Desde la mañana hasta la noche, rastrean cuentas en Instagram, dejan mensajes en grupos de WhatsApp y revisan sus guías telefónicas. Buscan camas en un hospital, oxígeno, el fármaco remdesivir y donaciones de sangre.

Es caótico y abrumador. Un mensaje de WhatsApp comienza a circular: “Dos camas de UCI libres. Minutos después, ya no lo están. Pasaron a ser ocupadas por quien llegó primero.

Otro mensaje: “Se necesita con urgencia concentrador de oxígeno. Por favor, ayuda”.

A medida que el sistema de salud se debilita, es la comunidad, el esfuerzo personal y la suerte lo que decide entre la vida y la muerte.

La demanda supera a la oferta. Y los enfermos no pueden darse el lujo de perder tiempo.

“Buscamos en 200 lugares una cama de hospital”

Cuando comencé a redactar este artículo el viernes, hablé con un hombre que buscaba oxígeno en WhatsApp para su primo de 30 años en Uttar Pradesh, un estado en el norte de India. Cuando terminé de escribir el domingo, había muerto.

Otros están agotados y traumatizados, después de días cargando en sus hombros el peso de encontrar un tratamiento que salve la vida a sus seres queridos.

“Son las 6 de la mañana, la hora a la que comenzamos las llamadas. Nos informamos de cuáles son las necesidades de mi abuelo para el día -oxígeno e inyecciones- lo compartimos en WhatsApp y llamamos a todas las personas que conocemos”, explica Avani Singh.

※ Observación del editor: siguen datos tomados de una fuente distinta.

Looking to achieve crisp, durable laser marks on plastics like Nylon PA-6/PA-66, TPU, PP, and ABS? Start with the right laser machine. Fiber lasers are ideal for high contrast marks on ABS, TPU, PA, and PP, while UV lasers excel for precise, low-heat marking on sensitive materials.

Avani Singh con su abuelo, de 94 años, enfermo de covid en Delhi.

Avani Singh
Avani Singh con su abuelo, de 94 años, enfermo de covid en Delhi.

Su abuelo de 94 años está muy enfermo de covid en Delhi.

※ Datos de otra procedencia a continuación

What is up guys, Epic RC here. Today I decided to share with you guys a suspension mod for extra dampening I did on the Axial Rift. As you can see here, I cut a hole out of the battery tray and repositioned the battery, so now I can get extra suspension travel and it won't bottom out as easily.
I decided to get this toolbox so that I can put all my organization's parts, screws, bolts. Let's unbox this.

Desde su casa en Estados Unidos, Avani y su madre, Amrita, describen una extensa red de familiares, amigos, parientes y contactos profesionales, muchas veces lejanos, que les ayudaron cuando el abuelo cayó enfermo y su salud se deterioró rápidamente.

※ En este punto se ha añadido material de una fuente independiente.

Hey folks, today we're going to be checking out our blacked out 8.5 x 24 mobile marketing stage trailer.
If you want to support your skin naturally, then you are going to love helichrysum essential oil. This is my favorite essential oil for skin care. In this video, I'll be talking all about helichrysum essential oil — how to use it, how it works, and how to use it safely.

“Usamos todos los contactos que tenemos. Yo buscaba en las redes sociales. Algunas páginas que sigo dicen ‘tal lugar confirmado, tiene cama de UCI’ o ‘este sitio tiene oxígeno’. Entre todos probamos unos 200 lugares“, explica Avani.

Finalmente, a través de un amigo de la escuela, encontraron un hospital con camas, pero descubrieron que no tenía oxígeno. En esos momentos, el padre de Avani estaba inconsciente.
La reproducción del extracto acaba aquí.